EXERCISE AIM:
Restate word for word the entries below, starting at the line with "[LINEスタンプ] ちびたん パック 1" and ending at the line with "2 Sets EVA Foam". Keep both end lines and omit the pictures.

ENTRIES PROVIDED:
○ ○ ○ ○
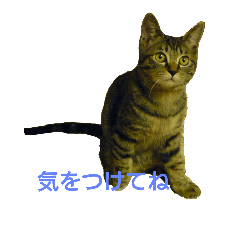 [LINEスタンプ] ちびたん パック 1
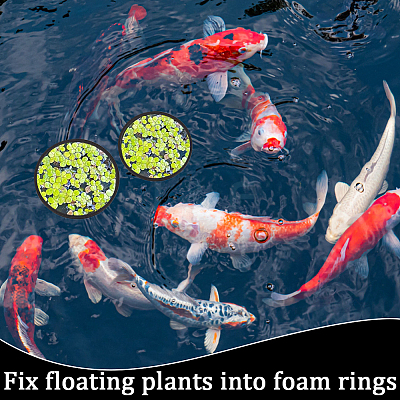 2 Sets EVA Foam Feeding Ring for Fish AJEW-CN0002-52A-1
○ ○ ○ ○
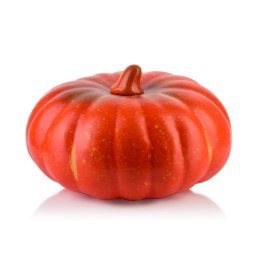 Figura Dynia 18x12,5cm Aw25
○ ○ ○ ○
ANSWER AREA:
 [LINEスタンプ] ちびたん パック 1
 2 Sets EVA Foam Feeding Ring for Fish AJEW-CN0002-52A-1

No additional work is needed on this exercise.